Experiments and Results: The authors first validate Lavender on a small-scale setup with OpenFlamingo before scaling it to MiniCPMv2.5 and Llama 3.2-11B-Vision Instruct. They evaluate these models on 20 standard VLM benchmarks, comparing them against 23 baseline models. They also conduct data overlap analysis, investigate scaling behavior and training efficiency, and examine out-of-distribution generalization in medical QA benchmarks.
- Empirical Verification: The paper validates the hypothesis that DM attention distributions are more concentrated and closely approximate an ideal posterior attention for VLMs. The results show that the DM’s attention entropy is consistently lower, and that Lavender aligns VLM attention with DM attention. Jointly minimizing $L_{\text{VLM}}$ and $L_{\text{att}}$ improves text generation.
- Scaled Results with Lavender: The paper scales experiments using the Llama 3-based MiniCPMv2.5 and Llama 3.2-11B-Vision-Instruct implementations. Lavender is evaluated across 20 VLM benchmarks and compared against 23 baseline VLMs. The results show that Lavender improves performance on 16 out of 20 tasks by up to 4\% on MiniCPM-V-2.5. Lavender outperforms autoregressive fine-tuning by up to 30% on 19 out of 20 benchmarks with LoRA on Llama 3.2-11B-Vision-Instruct.
- Data Overlapping Analysis: The paper performs an ad-hoc qualitative analysis based on the composition of fine-tuning and benchmark datasets to reflect their potential overlapping. The qualitative results suggest that Lavender's fine-tuning dataset shows an overlap score on the lower end, demonstrating its strong generalizability.
- Scaling Behavior: The findings indicate that Lavender scales better with increased data, effectively reducing overfitting.
- Severely Out-of-Distribution Medical Benchmark: The paper evaluates model generalization on the extreme OOD WorldMedQA-V, showing that Lavender improves Llama-3.2-11B's performance by 68%.

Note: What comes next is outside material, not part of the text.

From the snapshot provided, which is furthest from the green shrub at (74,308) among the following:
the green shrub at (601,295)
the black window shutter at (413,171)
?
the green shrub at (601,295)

- Qualitative Results with Llama 3.2-11B: The results indicate that the aligned VLM attention maps generally correlate with the semantic regions of corresponding words in a manner similar to the Diffusion Model. Lavender demonstrates improved visual understanding compared to the original Llama-3.2 across various VQA tasks.
Ablation and Analysis: The authors conducted extensive ablation studies to assess the key components of Lavender and their impact on performance. Key findings include that learned aggregation consistently outperforms manual methods, pretraining the Aligner significantly mitigates catastrophic forgetting, LoRA achieves better short-term results, and aligning all cross-attention layers in Llama-3.2-11B proves most effective.
Failure Strategies: The paper discusses strategies that were tested and found to be less effective, including fully finetuning without pretraining, frequent switching between training strategies, and mixing extra data.
Limitations and Future Work: The paper identifies limitations of the study, including limited compute, exploring higher-resolution diffusion models, more accurate attention map extraction, and improved handling of self-attention-only models.
Broad Impacts: The paper discusses the potential broad impacts of Lavender, including synergy between models, addressing data scarcity, data privacy, VLM attention alignment with other vision foundation models, alternative multimodal modalities beyond vision–language, and attention alignment as vision feedback in reinforcement learning.
Conclusion: The paper concludes that Lavender effectively aligns VLM attention with Diffusion Models, improving robustness across diverse domains. The authors suggest that this approach demonstrates potential for advancing text-vision alignment in multimodal LLMs and lays the groundwork for future research into efficient fine-tuning and cross-modal alignment techniques.